Gut drei Wochen nach Hitlers Machtergreifung lädt er die Granden der deutschen Industrie und Wirtschaft nach Berlin ein. Am 20.2.1933 sitzen alle von Rang und Namen an einem Tisch: Krupp, Opel, Quandt – eine illustre Runde von 24 Reichen, die gerne bereit sind, die Vorhaben des Führers mit großzügigen Spenden zu unterstützen. So leicht wie Hitler und Göring das Geld und die Unterstützung der Industrie bekommen, läuft die Annexion Österreichs fünf Jahre später nicht ab. Aber auch hier zeigen sie taktisches Geschick und den notwendigen Druck, um den kleinen Nachbarn zu überrumpeln und zum Anschluss zu zwingen. Es läuft zwar vieles nicht so wie geplant, aber am Ende zählt das Ergebnis. Planmäßig wiederum gelingt die Täuschung Englands, die der ehemalige Botschafter in London, Joachim von Ribbentrop, dank seiner Menschenkenntnis clever umsetzt. Der Rest ist Geschichte und findet beim Nürnberger Prozess sein Ende.

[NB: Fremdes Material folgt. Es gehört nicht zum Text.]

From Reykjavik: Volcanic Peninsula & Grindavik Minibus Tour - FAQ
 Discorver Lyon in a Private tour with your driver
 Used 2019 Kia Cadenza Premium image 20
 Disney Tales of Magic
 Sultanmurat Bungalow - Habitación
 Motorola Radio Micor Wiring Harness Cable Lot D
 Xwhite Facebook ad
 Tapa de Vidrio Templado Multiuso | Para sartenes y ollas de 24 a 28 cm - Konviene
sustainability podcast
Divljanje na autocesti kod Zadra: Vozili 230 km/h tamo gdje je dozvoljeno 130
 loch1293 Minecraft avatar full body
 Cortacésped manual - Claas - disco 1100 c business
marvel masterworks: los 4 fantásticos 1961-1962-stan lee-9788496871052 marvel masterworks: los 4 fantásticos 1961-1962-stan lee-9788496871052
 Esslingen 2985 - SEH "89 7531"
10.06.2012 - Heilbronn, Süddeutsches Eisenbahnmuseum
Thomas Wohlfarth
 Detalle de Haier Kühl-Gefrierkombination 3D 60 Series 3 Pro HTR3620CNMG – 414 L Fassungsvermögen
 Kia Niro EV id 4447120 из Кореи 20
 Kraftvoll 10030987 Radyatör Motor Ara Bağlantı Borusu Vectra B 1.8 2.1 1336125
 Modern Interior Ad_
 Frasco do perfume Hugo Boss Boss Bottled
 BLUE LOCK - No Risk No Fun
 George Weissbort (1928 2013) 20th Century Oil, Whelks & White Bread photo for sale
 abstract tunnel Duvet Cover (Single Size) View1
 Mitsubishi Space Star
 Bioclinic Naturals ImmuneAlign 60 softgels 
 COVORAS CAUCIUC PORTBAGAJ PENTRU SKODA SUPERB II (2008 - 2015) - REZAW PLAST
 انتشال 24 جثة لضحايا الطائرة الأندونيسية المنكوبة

Éric Vuillard erhielt für seine Erzählung über Hitlers Machtergreifung 2017 den renommierten französischen Literaturpreis Prix Goncourt. Er liefert keine neuen Erkenntnisse zu den historischen Ereignissen, diese sind weitgehend erforscht und bekannt, was das Buch jedoch lesenswert macht, ist die Selektion von Einzelereignissen, die Vuillard nebeneinanderstellt, um so eine neue Geschichte zu erzählen: die große Katastrophe des Zweiten Weltkrieges hatte sich lange zuvor angekündigt, man hätte eine Chance gehabt zu reagieren, aber die Welt hat nur zugeschaut.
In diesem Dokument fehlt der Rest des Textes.